Footnotes from a boozy afternoon

House of Games was the first film David Mamet directed, featuring Joe Mantegna as a con artist. My favourite line in the film is when he says, “It's called a confidence game. Why? Because you give me your confidence? No. Because I give you mine.” Some of the best management advice I've ever heard.

Howard Rheingold's Wired magazine on the Amish and their debate over whether they would adopt cellphones, Look Who's Talking, is an instructive meditation on the cultural impact of cellphone technology that was years ahead of its time.

Ray Kurzweil is the leading prophet of the Singularity, the idea that within our lifetimes technology will accelerate to transform our world beyond what we can imagine. Ninety percent of the time I think he's full of shit. I hope I'm wrong.

James Howard Kunstler is more likely right that Peak Oil is going to make advanced industrial civilization impossible, knocking us back to mostly nineteenth-century level technologies, though this won't be an entirely bad thing since it will destroy the suburbs, the creation of which he calls “the greatest misallocation of resources in the history of the world.” His mini-website Eyesore of the Month chronicles the horrors of our built environment; I have a favourite entry, of course.

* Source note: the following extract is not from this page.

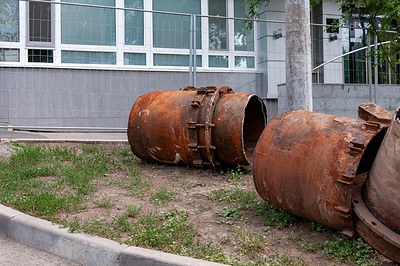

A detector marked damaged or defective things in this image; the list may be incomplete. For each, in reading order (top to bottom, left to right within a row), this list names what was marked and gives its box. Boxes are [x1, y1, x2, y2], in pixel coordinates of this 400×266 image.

rusty metal barrel [127, 87, 266, 166]
rusty metal barrel [253, 111, 388, 236]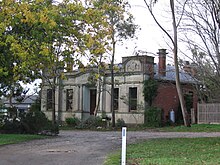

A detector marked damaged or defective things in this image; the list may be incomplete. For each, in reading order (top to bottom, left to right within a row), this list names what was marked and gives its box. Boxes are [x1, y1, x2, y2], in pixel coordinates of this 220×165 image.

rusted gate [198, 103, 220, 124]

James McMurtry sings the political song “Can't Make It Here Anymore” about the breakdown of American society, though my favourite song of his is, of course, the wicked redneck saga “Chocktaw Bingo.”

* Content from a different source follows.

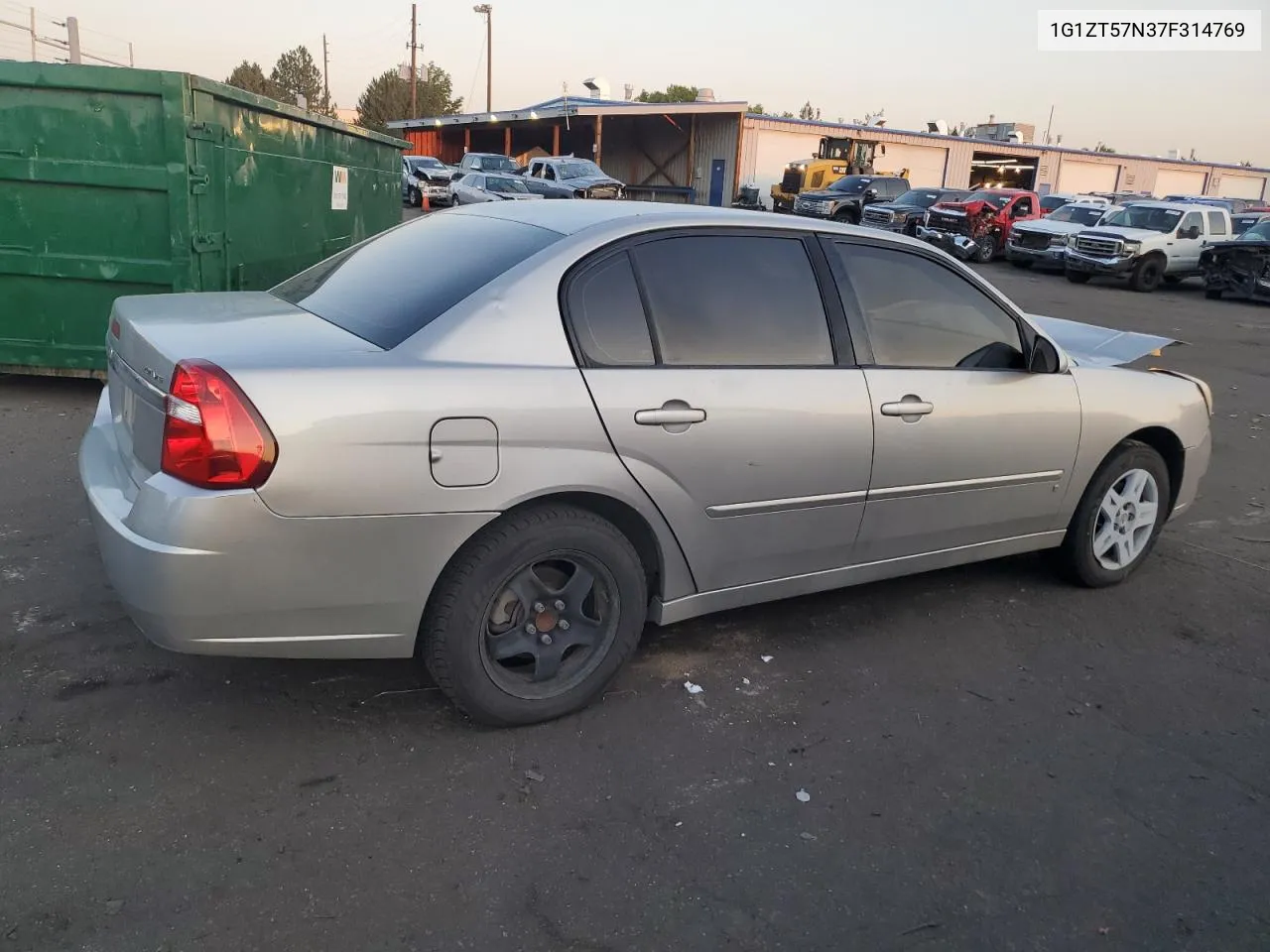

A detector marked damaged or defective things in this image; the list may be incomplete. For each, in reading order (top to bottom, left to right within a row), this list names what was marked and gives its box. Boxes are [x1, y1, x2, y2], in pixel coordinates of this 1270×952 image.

Sex at Dawn is a book about sex and human biology which is astonishing both because of what it says and because it dips into evolutionary psychology without turning into bullshit.

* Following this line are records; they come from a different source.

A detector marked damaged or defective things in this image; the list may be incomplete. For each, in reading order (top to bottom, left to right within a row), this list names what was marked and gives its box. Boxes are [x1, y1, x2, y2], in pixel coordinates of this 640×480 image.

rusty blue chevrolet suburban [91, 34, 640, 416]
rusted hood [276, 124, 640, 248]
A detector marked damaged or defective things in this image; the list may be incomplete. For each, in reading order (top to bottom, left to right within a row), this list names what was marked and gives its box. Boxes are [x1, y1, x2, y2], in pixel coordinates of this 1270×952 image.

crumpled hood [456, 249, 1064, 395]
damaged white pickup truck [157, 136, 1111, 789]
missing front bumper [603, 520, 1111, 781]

The Infamous Brad has an essay Not That the Actual Forbidden Knowledge is as Interesting as That There Is Forbidden Knowledge which explains Sudden Infant Death Syndrome. You may not want to know.

The Starship and the Canoe is a fascinating book about the physicist Freeman Dyson and his son George. There's an anecdote in there that I call the ninety second intelligence test. I won't tell you what it is, but if you meet me in person I'll perform it on you.

And I think that Digby is the most important political commentator in America.